Abitare Occorre allora un tenace impegno per continuare a essere una Chiesa di popolo nelle trasformazioni demografiche, sociali e culturali che il Paese attraversa (con la fatica a generare e a educare i figli; con un’immigrazione massiva che produce importanti metamorfosi al tessuto sociale; con una trasformazione degli stili di vita che ci allontana dalla condivisione con i poveri e indebelisce i legami sociali).

Abitare L’impegno, dunque, non consiste principalmente nel moltiplicare azioni o programmi di promozione e assistenza; lo Spirito non accende un eccesso di attivismo, ma un’attenzione rivolta al fratello, «considerandolo come un’unica cosa con se stesso».
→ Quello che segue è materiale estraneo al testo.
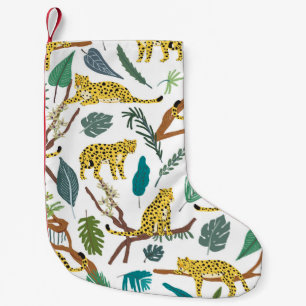 Leoparden im Dschungel, von Hand gezeichnet Muster Kleiner Weihnachtsstrumpf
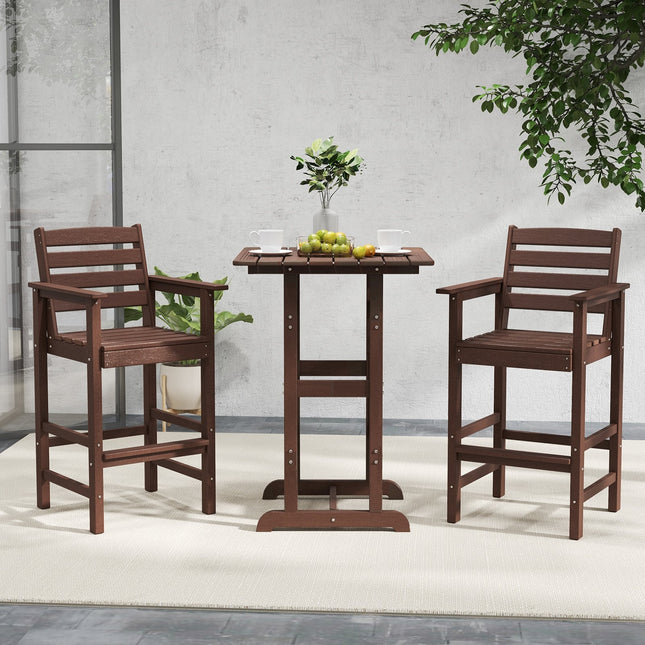 Patio HDPE Adirondack Bar Chairs Set of 2 with Wide Armrests-Brown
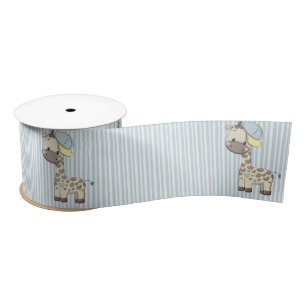 Ruban En Satin Cartoon personnalisé Baby Boy Giraffe Satin Ribbon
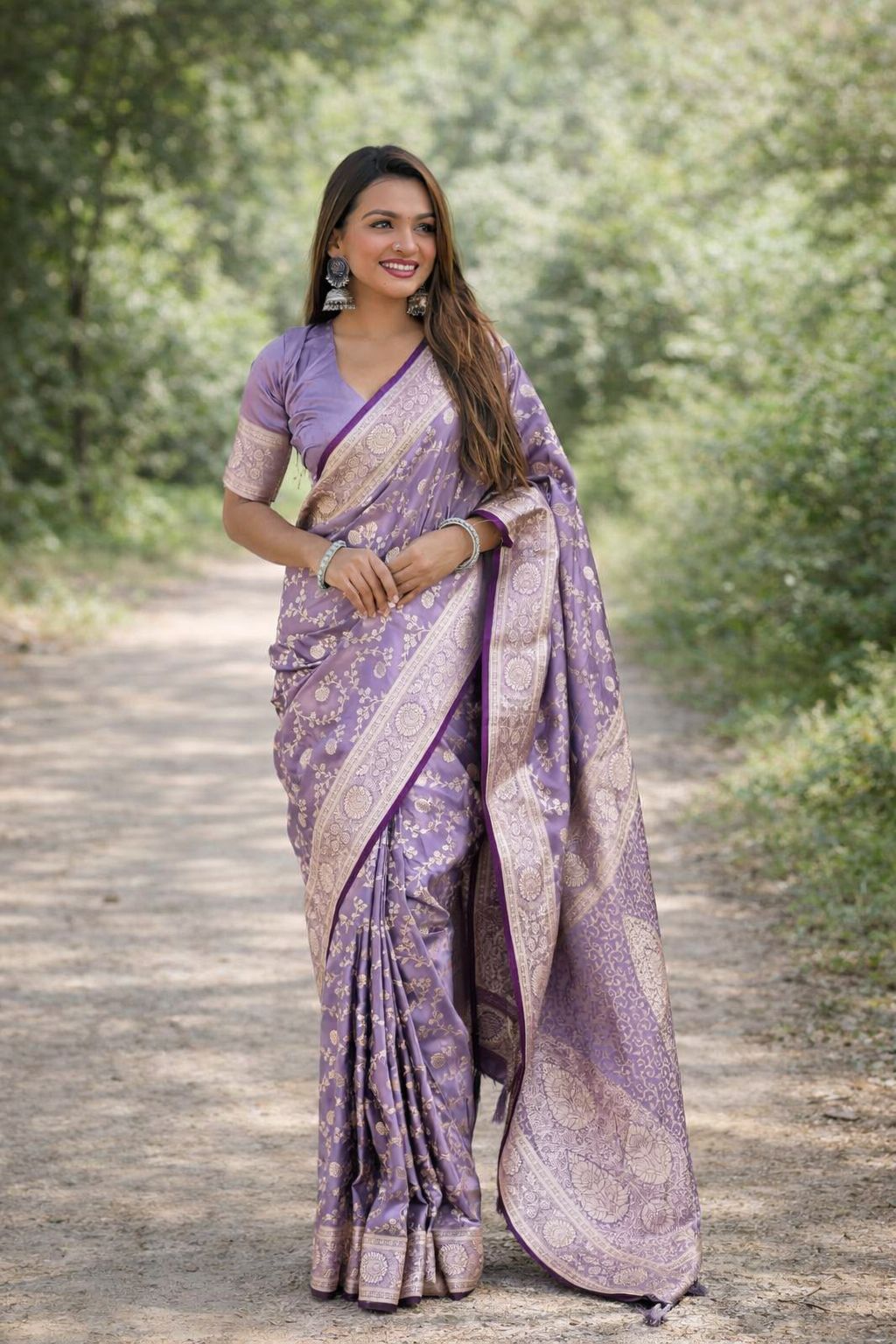Lavender Soft Banarasi Silk Saree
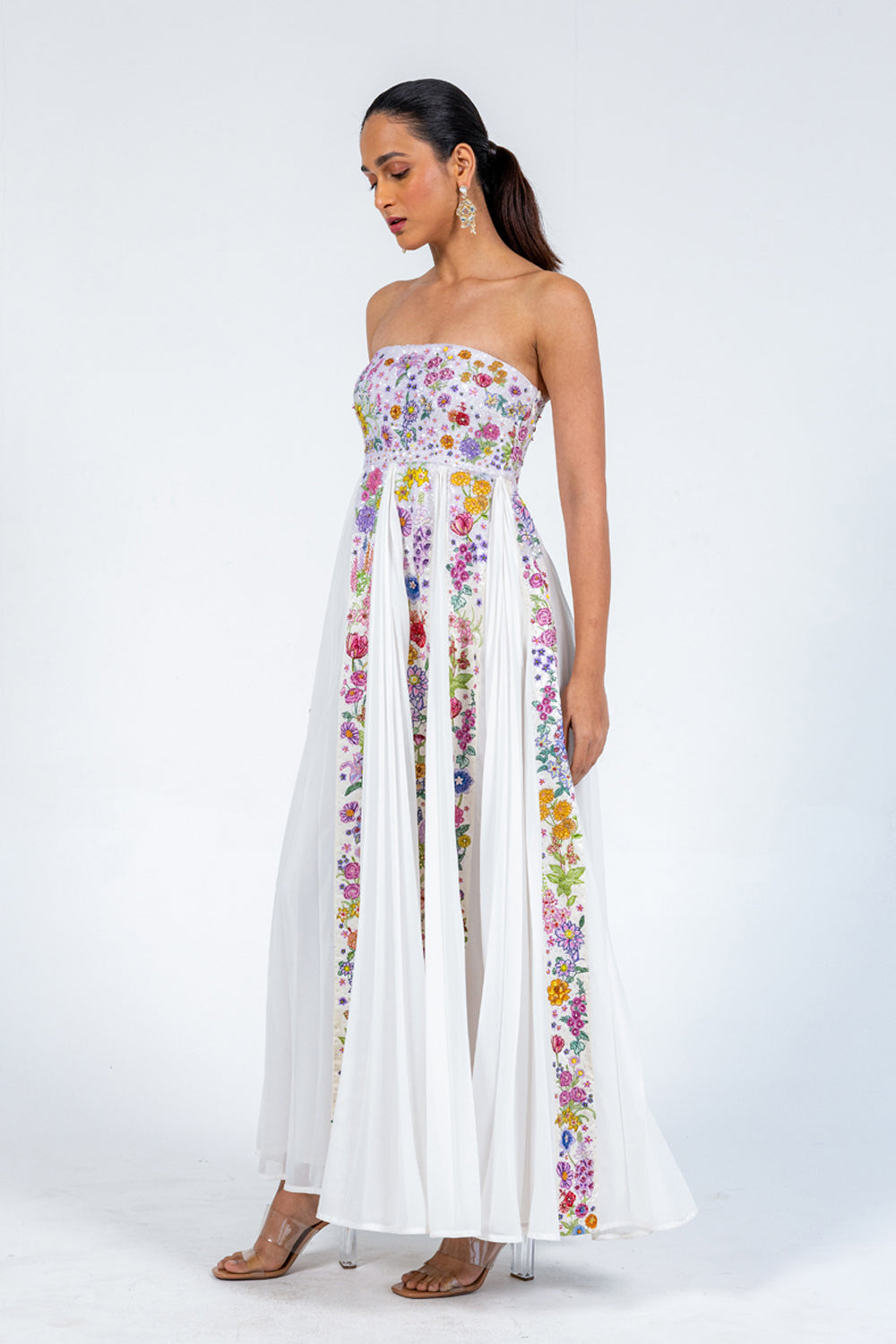 Valley Of Flowers Silk Satin Pleated Dress in Ivory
Abitare Non aggiungendo qualche gesto di attenzione, ma ripensando insieme, se occorre, i nostri stessi modelli dell’abitare, del trascorrere il tempo libero, del festeggiare, del condividere. Quando è amato, il povero «è considerato di grande valore»; questo differenzia l’opzione per i poveri da qualunque strumentalizzazione personale o politica, così come da un’attenzione sporadica e marginale, per tacitare la coscienza.
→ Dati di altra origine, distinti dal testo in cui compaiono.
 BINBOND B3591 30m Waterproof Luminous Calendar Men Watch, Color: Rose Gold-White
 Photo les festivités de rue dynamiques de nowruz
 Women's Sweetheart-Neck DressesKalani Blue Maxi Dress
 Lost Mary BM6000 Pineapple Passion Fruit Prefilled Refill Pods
Abitare Se non lo hai toccato, non lo hai incontrato», ha detto del povero Papa Francesco. Senza l’opzione preferenziale per i più poveri, «l’annuncio del Vangelo, che pur è la prima carità, rischia di essere incompreso o di affogare in quel mare di parole a cui l’odierna società della comunicazione quotidianamente ci espone» (Evangelii gaudium 199).
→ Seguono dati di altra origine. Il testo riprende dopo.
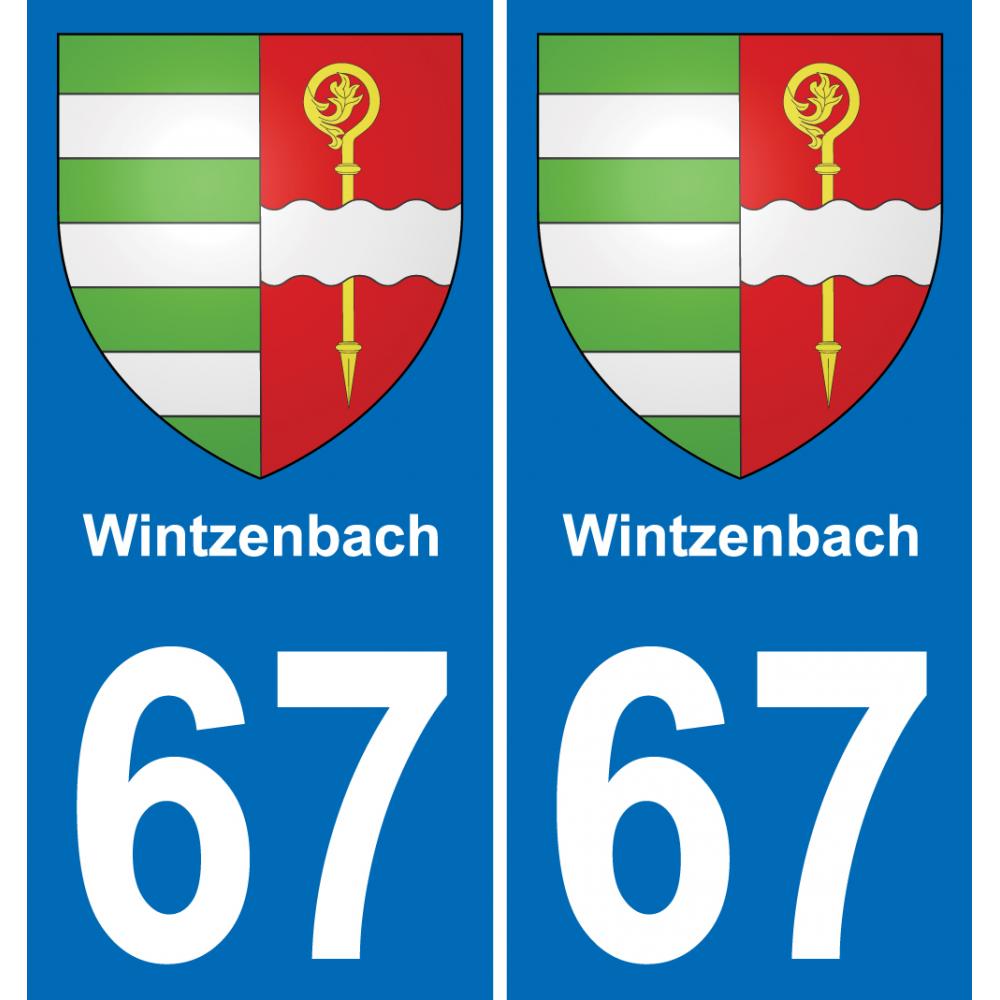 67 Wintzenbach placa etiqueta de registro de la ciudad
Educare Rimane significativa una pagina degli Orientamenti pastorali della CEI: «In una società caratterizzata dalla molteplicità di messaggi e dalla grande offerta di beni di consumo, il compito più urgente diventa, dunque, educare a scelte responsabili. Di fronte agli educatori cristiani, come pure a tutti gli uomini di buona volontà, si presenta, pertanto, la sfida di contrastare l’assimilazione passiva di modelli ampiamente divulgati e di superarne l’inconsistenza, promuovendo la capacità di pensare e l’esercizio critico della ragione» (Educare alla vita buona del Vangelo 10).

Trasfigurare Le comunità cristiane sono nutrite e trasformate nella fede grazie alla vita liturgica e sacramentale e grazie alla preghiera. Esiste un rapporto intrinseco tra fede e carità, dove si esprime il senso del mistero: il divino traspare nell’umano, e questo si trasfigura in quello. Senza la preghiera e i sacramenti, la carità si svuoterebbe perché si ridurrebbe a filantropia, incapace di conferire significato alla comunione fraterna.

Trasfigurare Riascoltiamo le parole del Concilio Vaticano II: «La liturgia, mediante la quale, soprattutto nel divino sacrificio dell’eucaristia, si attua l’opera della nostra redenzione, contribuisce in sommo grado a che i fedeli esprimano nella loro vita e manifestino agli altri il mistero di Cristo e l’autentica natura della vera Chiesa» (Sacrosanctum Concilium 2).